## EXERCISE
Restate word for word the entries below, starting at the line with "Lot de 4 leviers" and ending at the line with "Trombone Floor Lamp with Table. Picture 3". Keep both end lines and omit the pictures.

## DATA SHOWN
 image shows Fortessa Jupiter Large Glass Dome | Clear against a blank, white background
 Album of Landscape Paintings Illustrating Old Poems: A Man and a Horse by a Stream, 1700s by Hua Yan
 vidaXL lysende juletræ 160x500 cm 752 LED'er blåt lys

* * *

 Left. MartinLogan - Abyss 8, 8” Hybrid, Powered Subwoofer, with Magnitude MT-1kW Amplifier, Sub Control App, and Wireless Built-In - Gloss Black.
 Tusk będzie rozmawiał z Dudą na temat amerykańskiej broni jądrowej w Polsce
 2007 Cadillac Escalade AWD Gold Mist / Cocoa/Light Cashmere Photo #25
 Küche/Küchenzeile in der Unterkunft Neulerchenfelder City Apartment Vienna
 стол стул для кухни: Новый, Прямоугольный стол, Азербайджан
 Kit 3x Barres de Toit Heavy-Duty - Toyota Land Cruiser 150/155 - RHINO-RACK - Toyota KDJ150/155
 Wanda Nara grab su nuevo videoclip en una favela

...

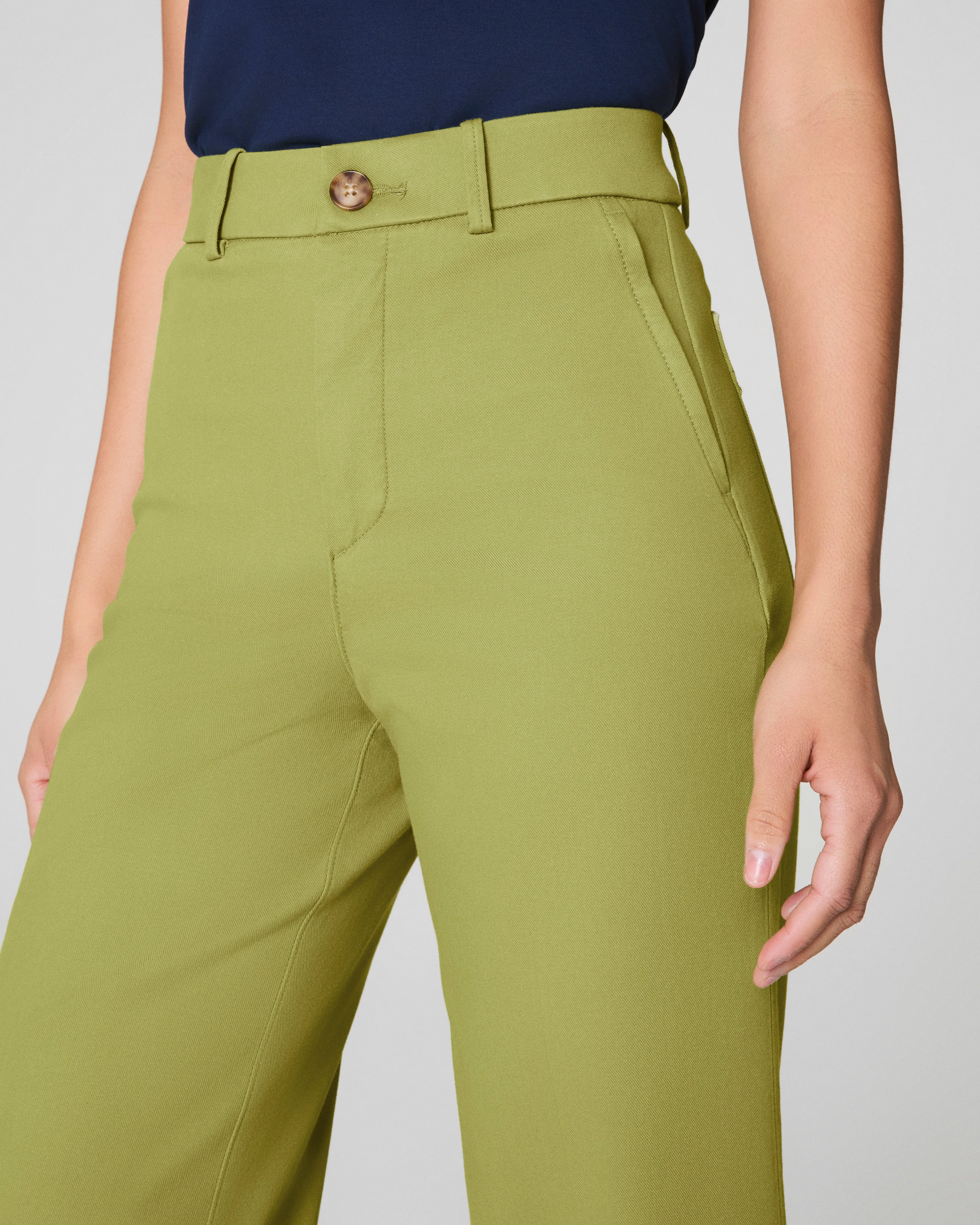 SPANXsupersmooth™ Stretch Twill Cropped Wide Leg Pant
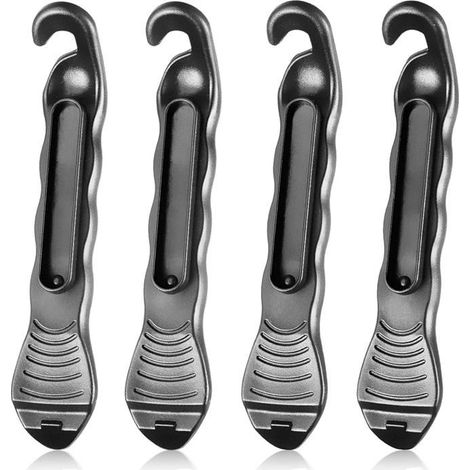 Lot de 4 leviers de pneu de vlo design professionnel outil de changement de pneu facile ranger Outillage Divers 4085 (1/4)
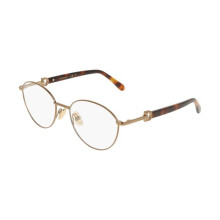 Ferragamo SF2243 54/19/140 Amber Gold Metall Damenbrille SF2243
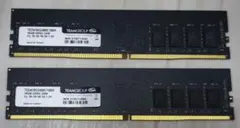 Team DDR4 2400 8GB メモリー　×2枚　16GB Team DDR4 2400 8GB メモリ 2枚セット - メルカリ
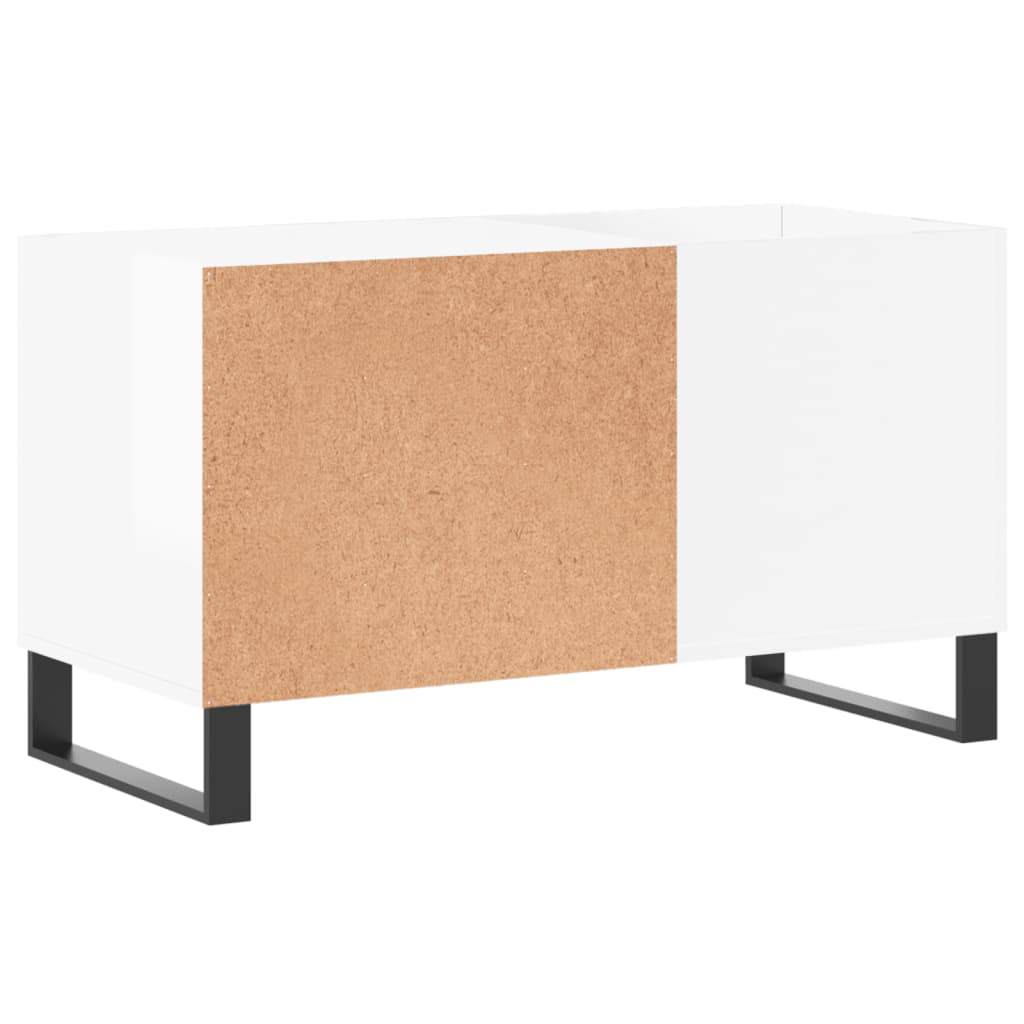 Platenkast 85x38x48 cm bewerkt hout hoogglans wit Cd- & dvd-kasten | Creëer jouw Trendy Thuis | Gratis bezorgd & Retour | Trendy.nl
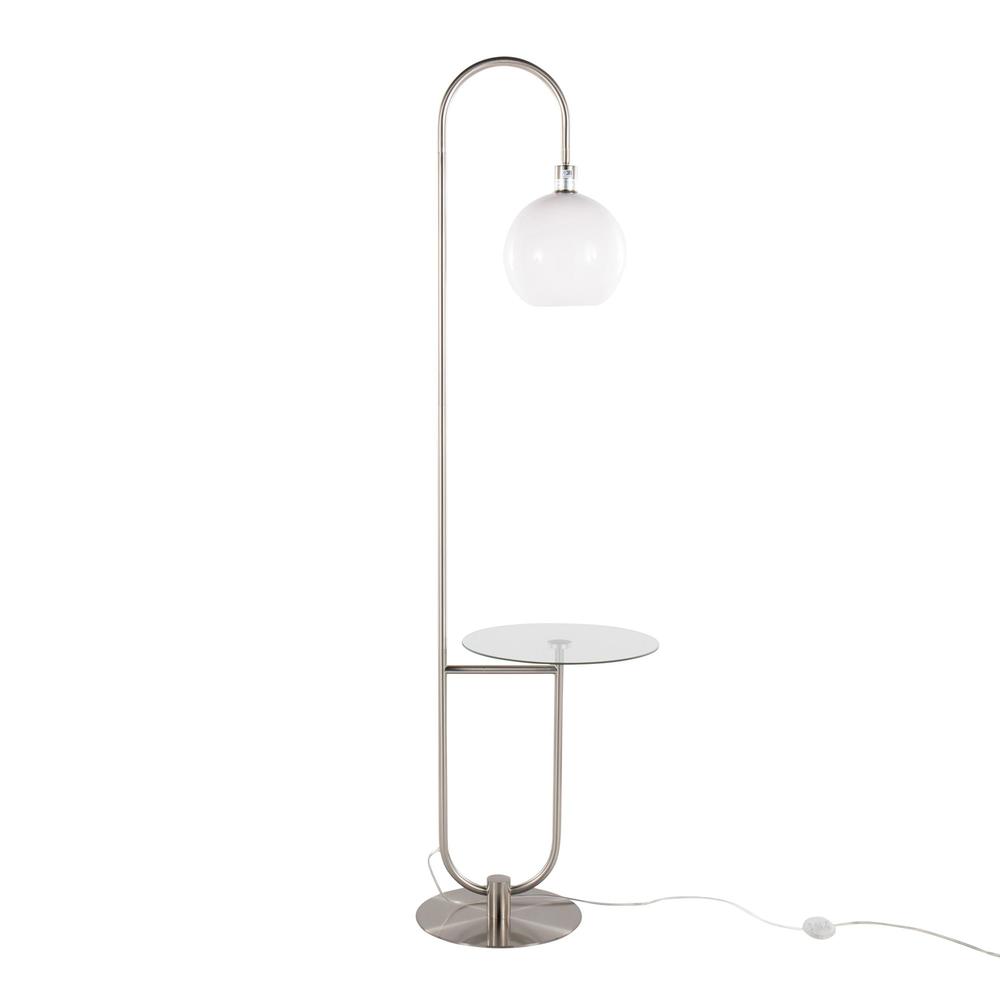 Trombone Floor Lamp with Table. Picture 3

## WRITTEN SOLUTION
 Lot de 4 leviers de pneu de vlo design professionnel outil de changement de pneu facile ranger Outillage Divers 4085 (1/4)
 Ferragamo SF2243 54/19/140 Amber Gold Metall Damenbrille SF2243
 Team DDR4 2400 8GB メモリー　×2枚　16GB Team DDR4 2400 8GB メモリ 2枚セット - メルカリ
 Platenkast 85x38x48 cm bewerkt hout hoogglans wit Cd- & dvd-kasten | Creëer jouw Trendy Thuis | Gratis bezorgd & Retour | Trendy.nl
 Trombone Floor Lamp with Table. Picture 3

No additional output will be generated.